=== STORED DATA ===

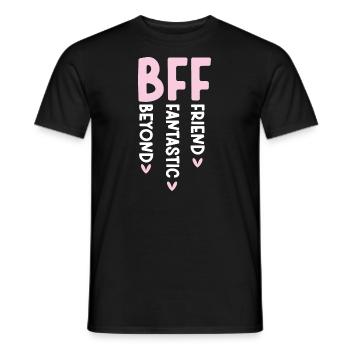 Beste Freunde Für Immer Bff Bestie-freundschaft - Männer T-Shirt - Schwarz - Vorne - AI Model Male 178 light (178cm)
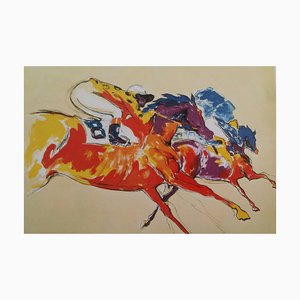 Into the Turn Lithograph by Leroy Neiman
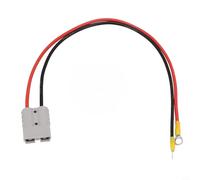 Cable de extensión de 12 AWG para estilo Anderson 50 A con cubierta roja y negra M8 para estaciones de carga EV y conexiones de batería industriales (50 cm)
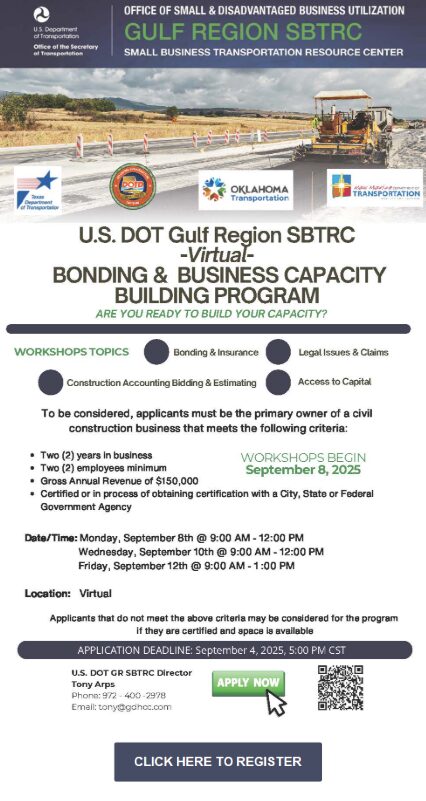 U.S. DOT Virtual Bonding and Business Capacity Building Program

===

> **TASK TO CARRY OUT**
Your reply should consist solely of the lines from the line containing "Into the Turn Lithograph by Leroy Neiman" through the last line of the listing, unchanged and free of pictures.

> **ANSWER BOX**
 Into the Turn Lithograph by Leroy Neiman
 Cable de extensión de 12 AWG para estilo Anderson 50 A con cubierta roja y negra M8 para estaciones de carga EV y conexiones de batería industriales (50 cm)
 U.S. DOT Virtual Bonding and Business Capacity Building Program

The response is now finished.